Ease up on Europe’s banks or more will fail tests

EUROPE’S bank stress tests need a higher pass mark. Last year’s flop demanded that lenders only need 6% Tier 1 capital in a stressed scenario — a hurdle that all but a handful were able to clear.

Ease up on Europe’s banks or more will fail tests

To make the latest test more credible, regulators should ideally switch to core Tier 1 capital. If that’s not possible, they should raise the bar.

Regulators are making some improvements. The draft scenario for the tests — sent to lenders on March 4 — assumes a bigger economic contraction than in previous years.

It also spells out larger drops in property prices, with those countries that enjoyed the biggest boom suffering the heaviest falls.

There are still some familiar flaws, particularly relating to the treatment of government bonds.

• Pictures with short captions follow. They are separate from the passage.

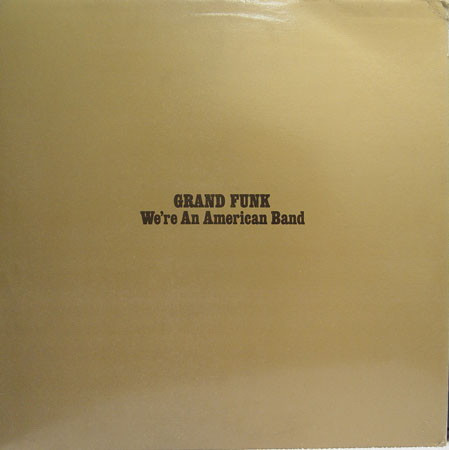 Grand Funk* - We're An American Band (LP, Album, RP)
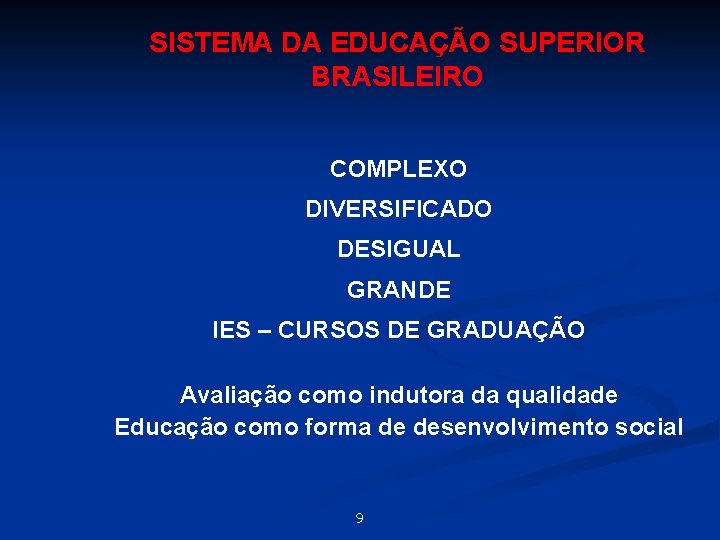 SISTEMA DA EDUCAÇÃO SUPERIOR BRASILEIRO COMPLEXO DIVERSIFICADO DESIGUAL GRANDE IES – CURSOS DE GRADUAÇÃO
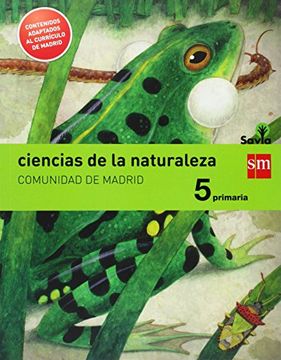 Ciencias de la naturaleza. 5 Primaria. Savia. Madrid [LOMCE] (in Spanish)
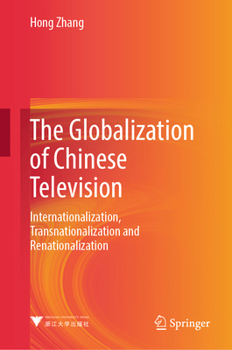 Hardcover The Globalization of Chinese Television: Internationalization, Transnationalization and Renationalization Book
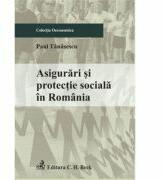 Asigurari si protectie sociala in Romania - Paul Tanasescu (ISBN: 9789731156729)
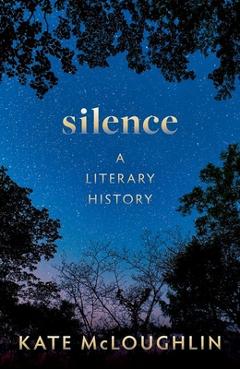 Silence: A Literary History - Kate Mcloughlin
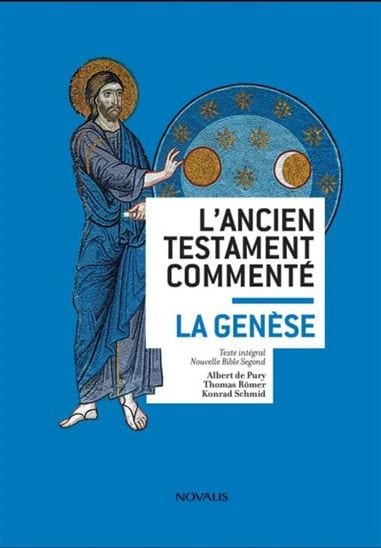 L'Ancien Testament commenté : la Genèse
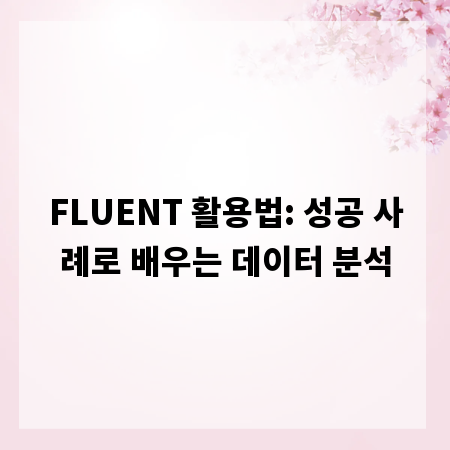 FLUENT 활용법: 성공 사례로 배우는 데이터 분석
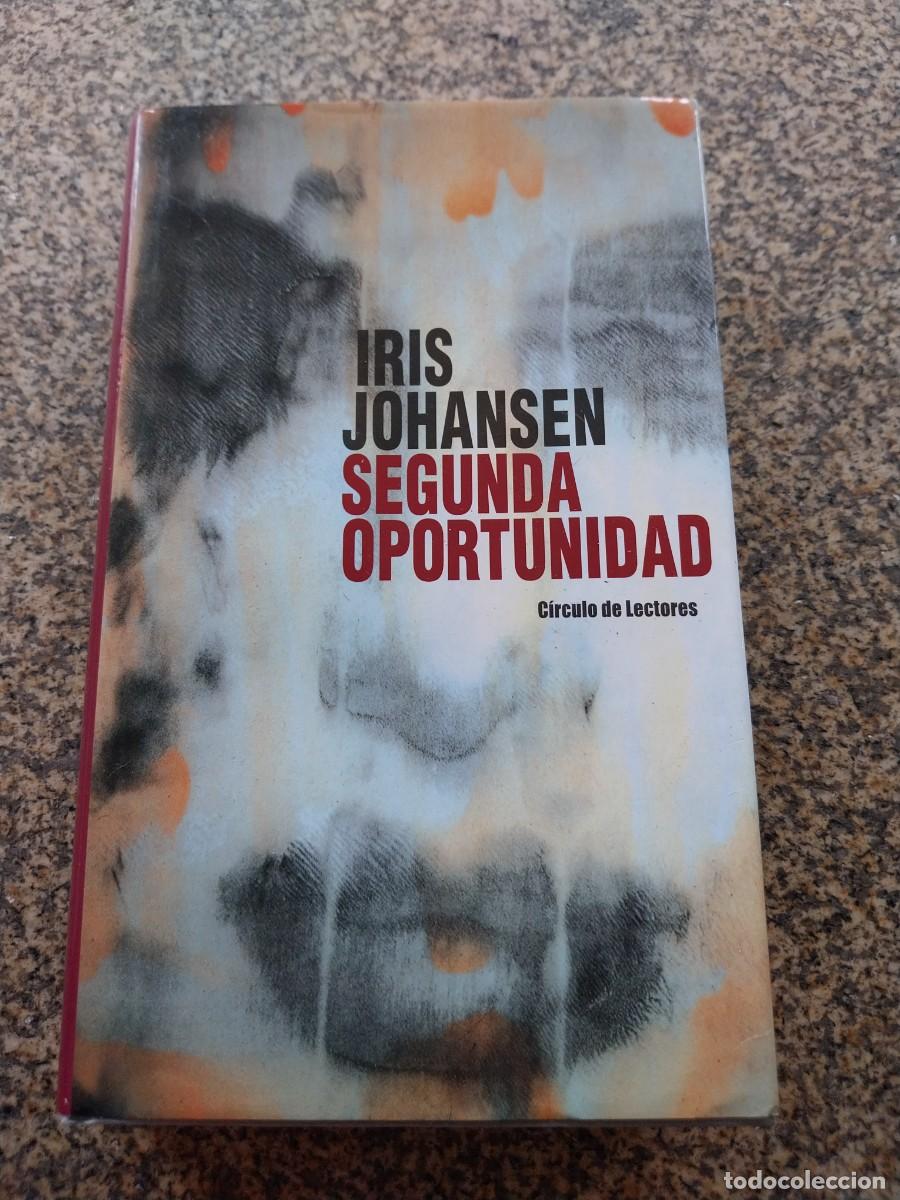 Libros de segunda mano: SEGUNDA OPORTUNIDAD -- IRIS JOHANSEN -- CIRCULO --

Once again, regulators have shied away from assuming a sovereign default in the eurozone.

As a result, government bonds held in so-called “banking books” — the vast majority — do not suffer a haircut. The best investors can hope for is that, like last year, banks will be forced to publish their exposures.

The key question, however, is what the pass rate for the tests will be. Ideally, regulators would ditch the discredited Tier 1 measure of capital — which includes hybrid debt — in favour of core Tier 1 capital, which provides a better estimate of a bank’s ability to absorb future losses.

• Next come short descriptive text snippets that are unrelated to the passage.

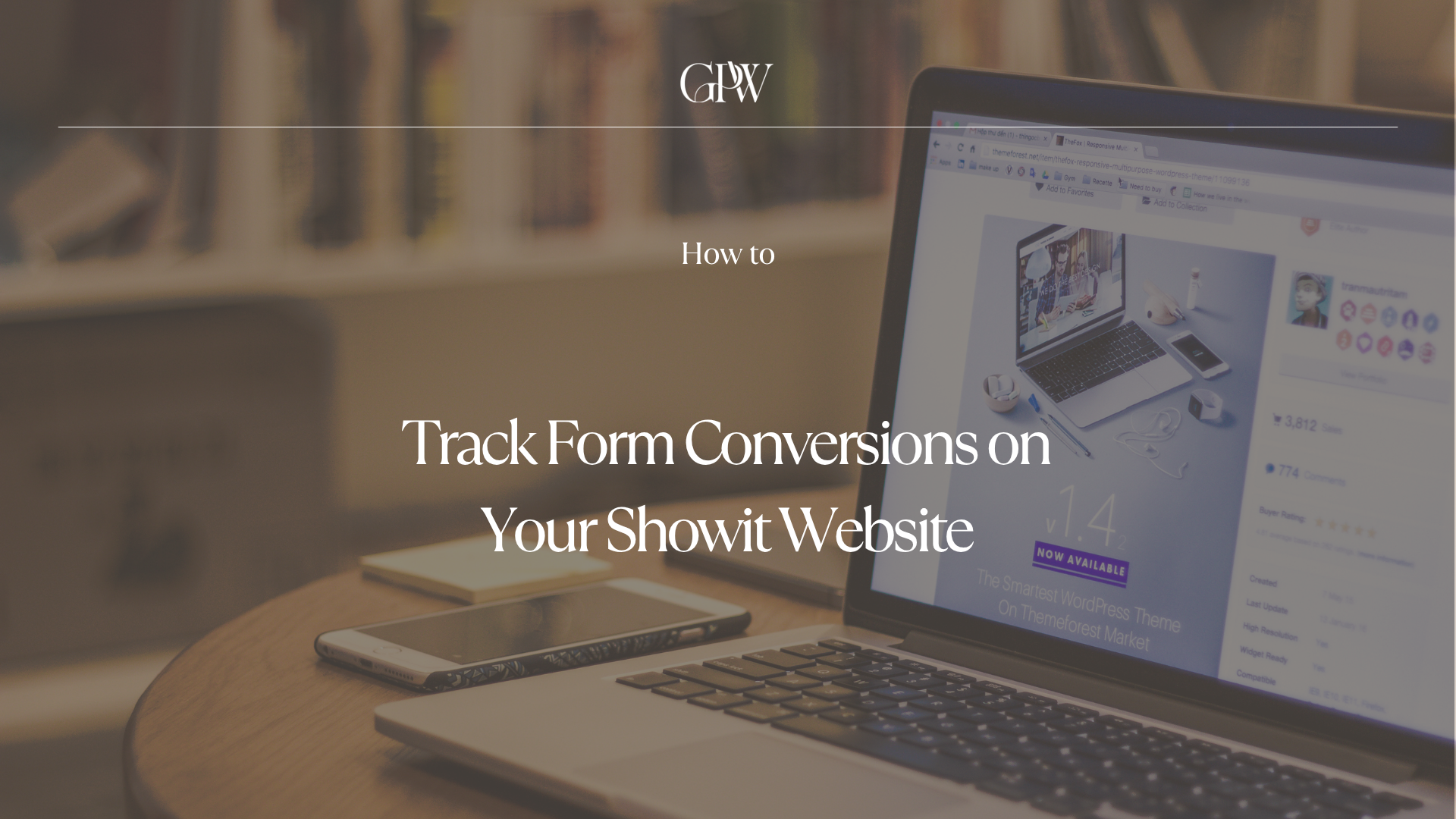 How to Track Form Conversions on Your Showit Website (Complete 2026 Guide)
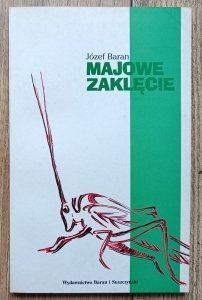 Józef Baran • Majowe zaklęcie / dedykacja autorska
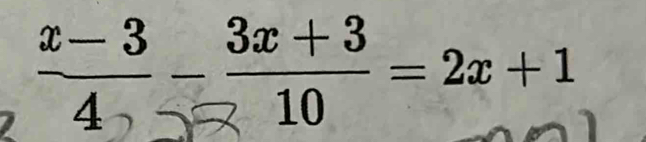 4 3 - 3* 1 ª = 2x + 1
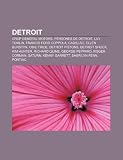 Detroit: Grup General Motors, Persones de Detroit, Lily Tomlin, Francis Ford Coppola, Cadillac, Ellen Burstyn, Obie Trice, Detr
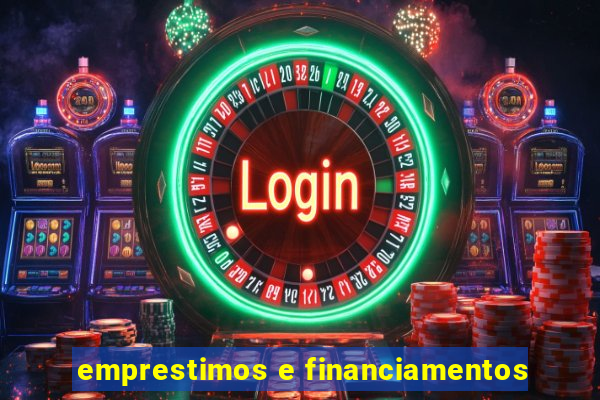 emprestimos e financiamentos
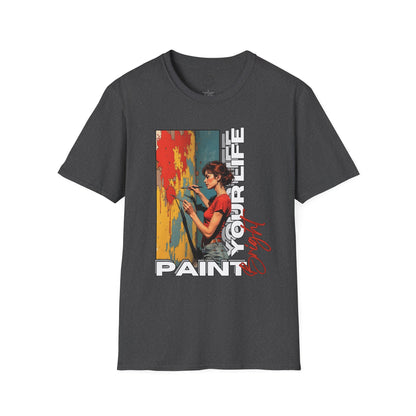 Inspirational Art T-Shirt - "Paint Your Life" Graphic.life.twisted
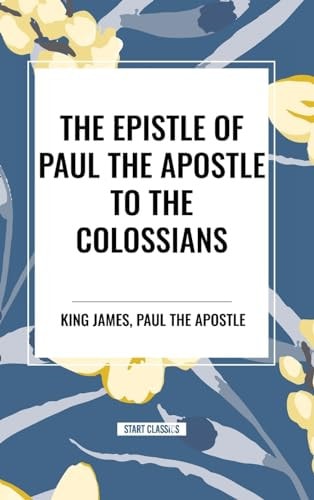 The Epistle of Paul the Apostle to the COLOSSIANS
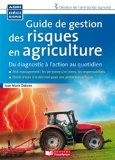 Guide de gestion des risques en agriculture : du diagnostic &agrave; l'action au quotidien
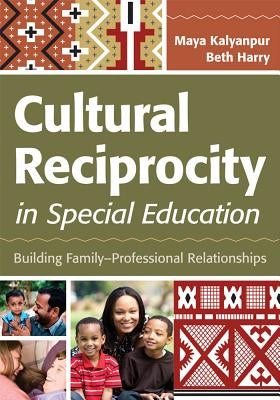 Cultural Reciprocity in Special Education: Building Family-Professional Relationships Paperback Brookes Publishing Company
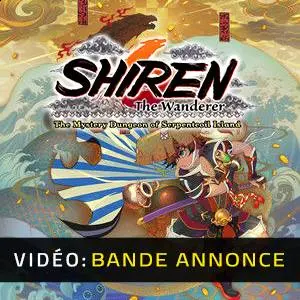Shiren the Wanderer The Mystery Dungeon of Serpentcoil Island - Bande-annonce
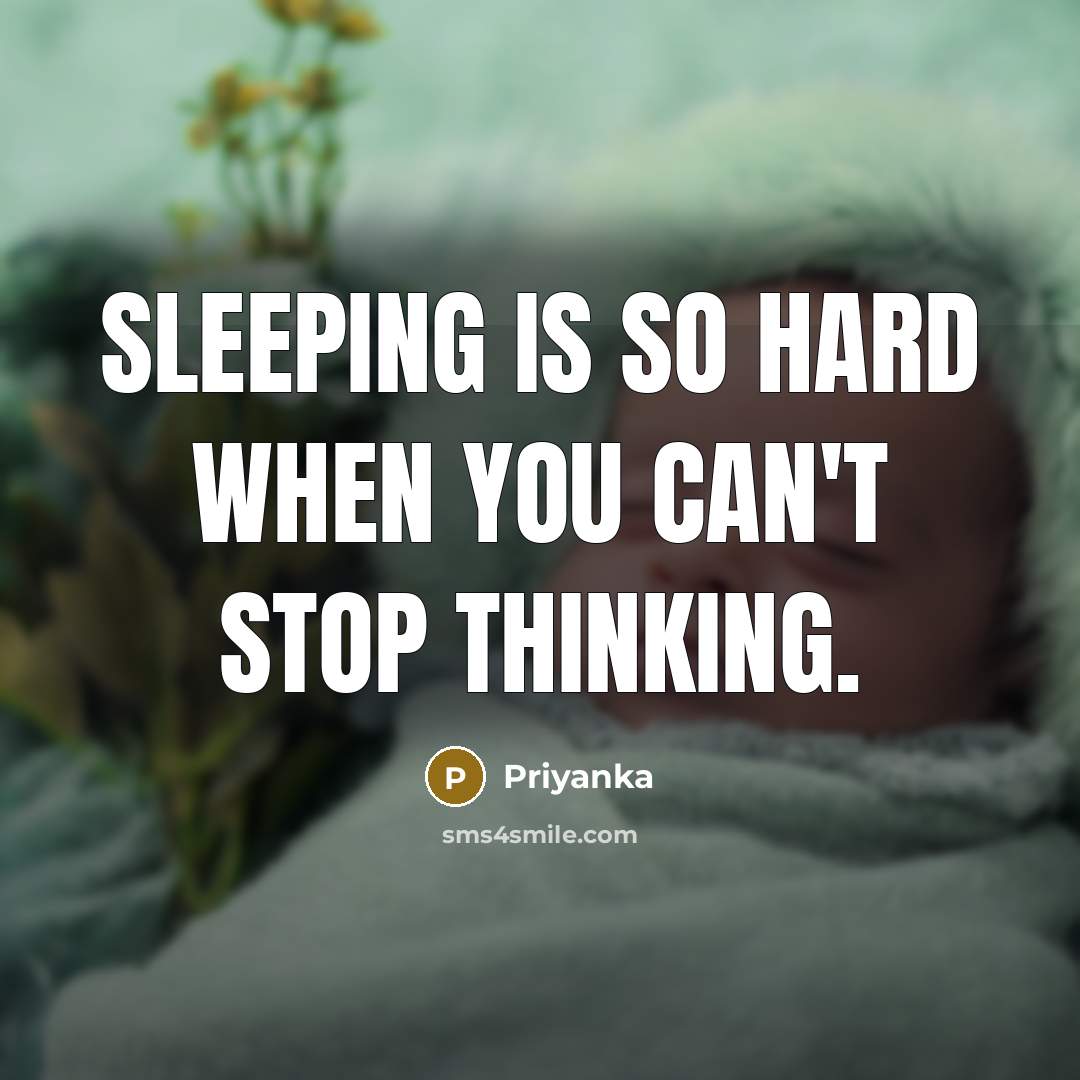 “Sleeping is so hard when you can't stop thinking.…” quote by Priyanka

Regulators argue there is currently no agreed definition of core Tier 1 capital. But if they insist on sticking with Tier 1, the other way to improve credibility is by raising the bar.

Last year, a 6% Tier 1 hurdle meant that only seven small lenders failed the test. If the hurdle had been 8%, a further 32 banks would have been forced to raise capital, according to Morgan Stanley.

Some of these have raised capital since, but imposing a higher pass mark would give the tests more credibility. It might also prompt those European countries with the weakest lenders — notably Germany and Spain — to take more urgent steps to shore up their banks.

That would reduce the risk that zombie lenders will continue to act as a drag on the region’seconomy.